- The Taliban has launched its most audacious attack on the Afghan capital in the last year with assaults on a cinema, a five-star hotel, government buildings and a shopping centre.
At least five people were killed and nearly 40 wounded when up to 20 fighters on suicide missions attempted to storm buildings in the centre of Kabul.
The brazen attacks provoked gun battles lasting several hours and nine of the assailants died, with at least four blowing themselves up.
The multi-pronged assault came as President Hamid Karzai swore in members of his new cabinet just a few hundred yards from the fighting.
The militants were prevented from entering government ministries, but holed up in a shopping centre and cinema for at least three hours as security forces laid seige.
As the sporadic chatter of machine gun fire sounded across the city, a pall of black smoke gathered over the district where the attack took place.

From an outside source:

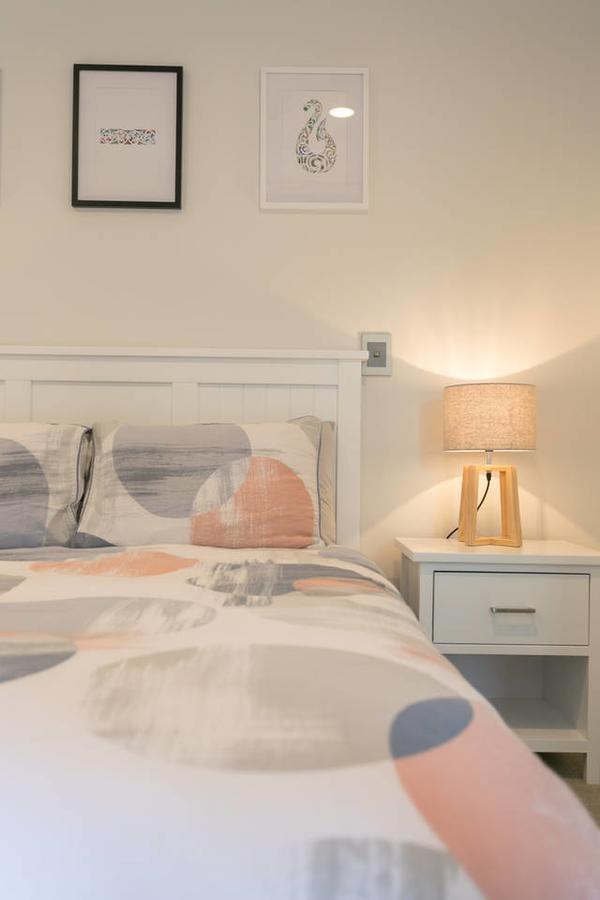 The Ivory Epsom Apartment Auckland Exterior photo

The country's only five-star hotel, the Serena, came under fire from machine guns and rockets and guests were shepherded into a basement bunker.
A Taliban spokesman said the movement had carried out the attack with 20 fighters and targeted the presidential palace, justice ministry, ministry of mines and a presidential administrative building.

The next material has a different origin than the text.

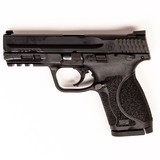 SMITH & WESSON M&P9 M2.0 - 2 of 4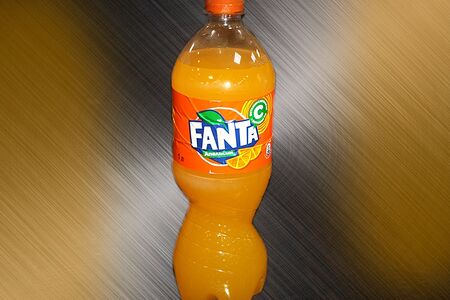 Фанта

The exact number of attackers was not clear, but unease spread through the city with rumours that some of the bombers had escaped the initial fighting and evaded the security cordon.
Afghan security forces closed roads in the city centre and set up checkpoints looking for further attackers and shopkeepers closed their businesses.
Mr Karzai claimed the security crisis was over hours after militants launched the attacks on Monday morning. He said "the enemies of Afghanistan are ... trying to spread fear among Kabul citizens".
Gordon Brown condemned the attacks and pledged to "stand united" with the Afghan Government.
The attacks began at soon after 9.30am local time with a suicide bombing outside the Central Bank on Pashtunistan Square, which also holds the palace, cinema, justice ministry and shopping centre.
Four militants ran into the nearby four-storey Qari Sami shopping centre and ordered the shopkeepers to flee. A watchseller who refused was shot dead.
Nasrullah Baraki, a 25-year-old carpet seller, said: "They were four young boys with short beards and said: 'Do not worry about your belongings, save you lives and get out'."
Once inside they began throwing grenades and the top three floors were soon gutted by fire.
Shopkeepers barricaded themselves into a basement until the smoke became too thick to breathe and then managed to flee.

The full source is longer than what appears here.